- [TASK INSTRUCTIONS]:
Would you please repeat exactly the entries below, starting at the line with "Brown 100% cashmere" and ending at the line with "Model wearing strapless", and nothing outside that range? Leave out the pictures.

- [DATA SHOWN]:
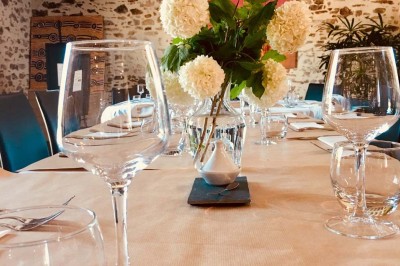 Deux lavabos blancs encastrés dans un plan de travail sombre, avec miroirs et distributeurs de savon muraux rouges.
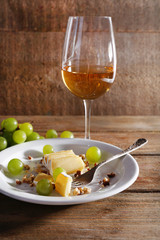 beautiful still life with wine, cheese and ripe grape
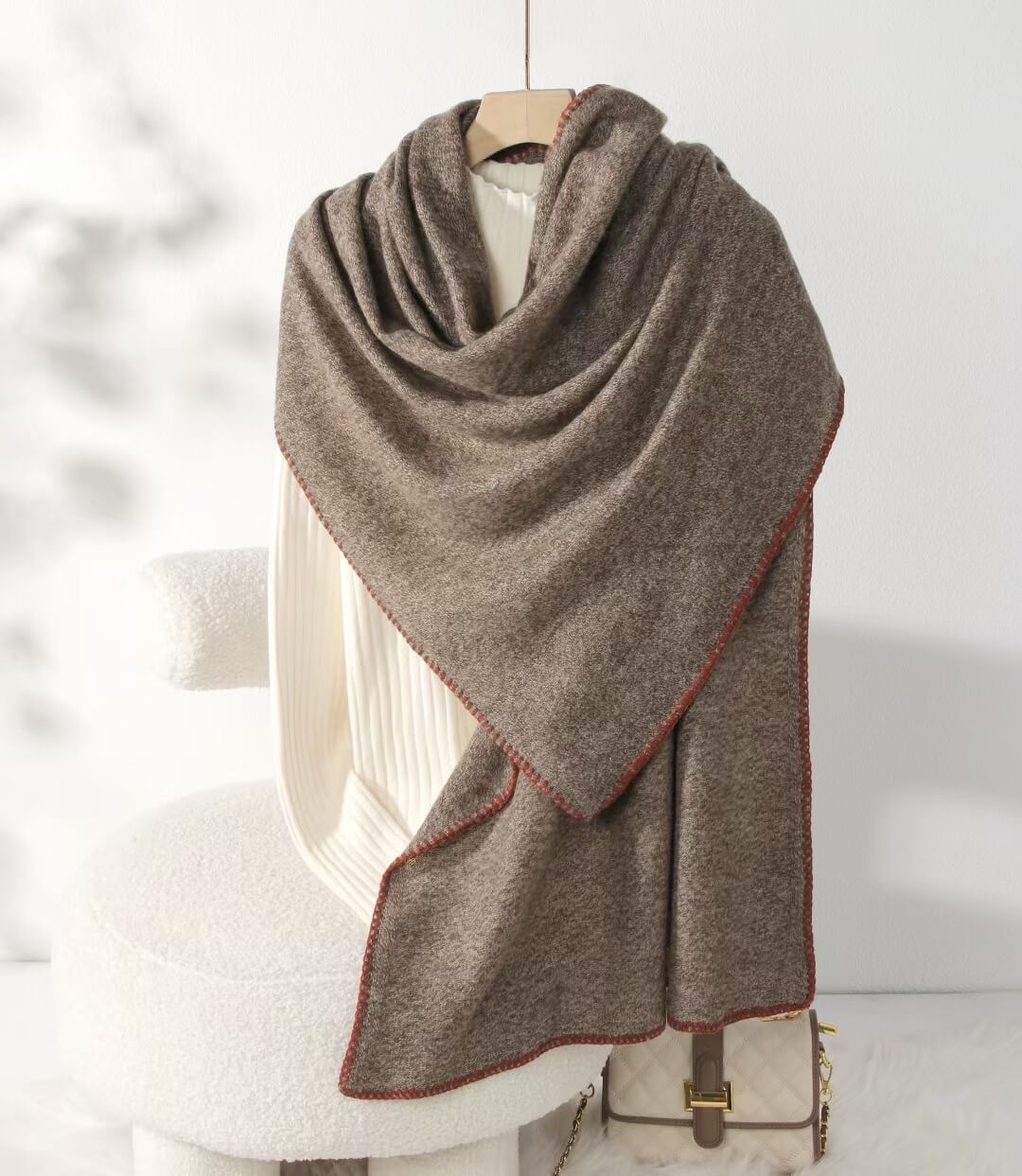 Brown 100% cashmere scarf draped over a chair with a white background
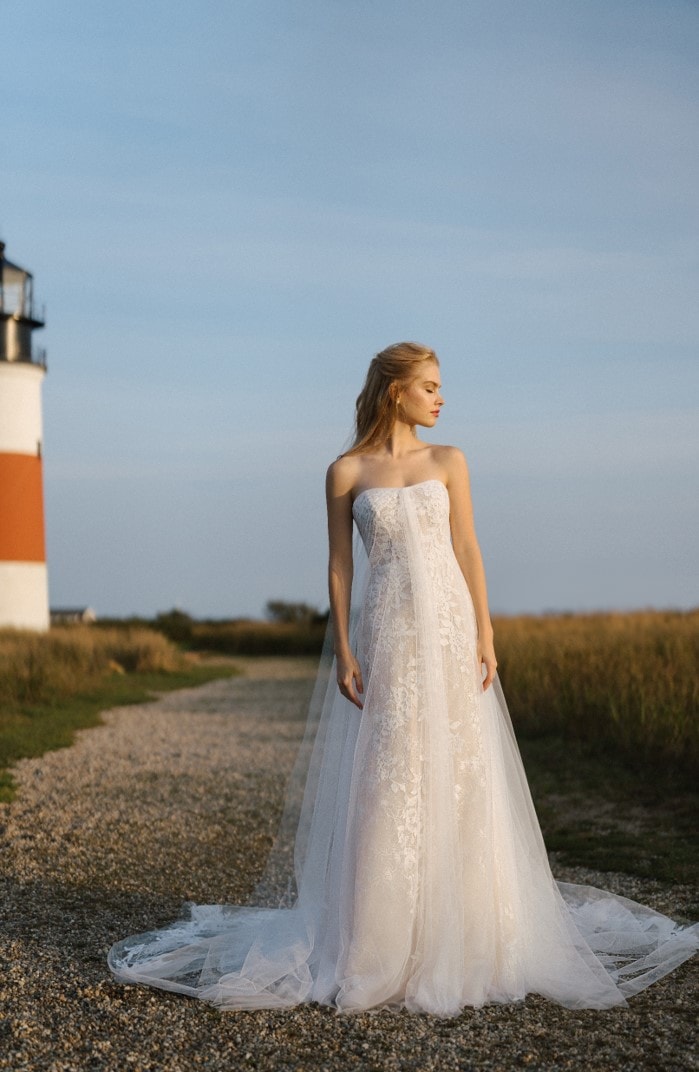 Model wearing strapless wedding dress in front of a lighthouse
...
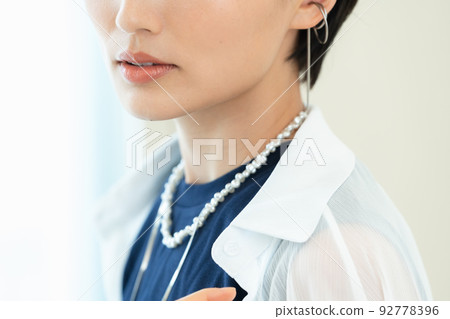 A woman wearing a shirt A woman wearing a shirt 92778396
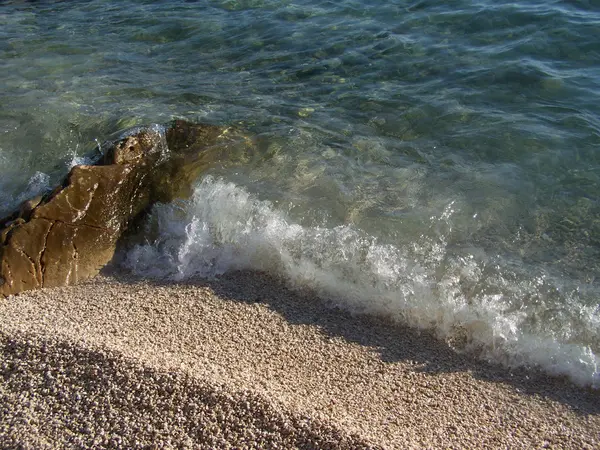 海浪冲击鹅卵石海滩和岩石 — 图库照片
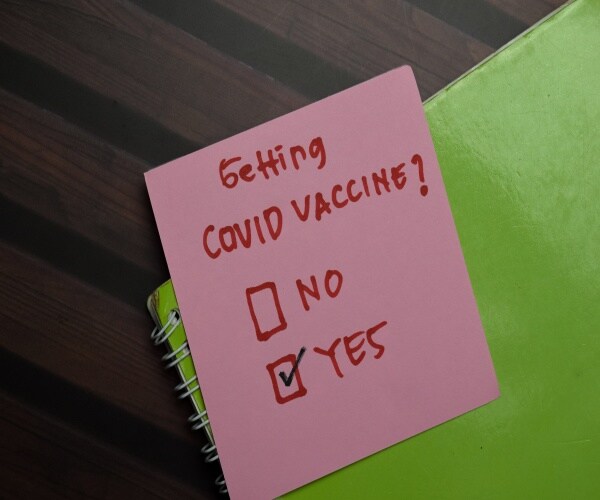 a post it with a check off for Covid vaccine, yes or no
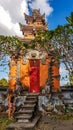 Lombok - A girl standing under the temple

- [ANSWER TO THIS EXERCISE]:
 Brown 100% cashmere scarf draped over a chair with a white background
 Model wearing strapless wedding dress in front of a lighthouse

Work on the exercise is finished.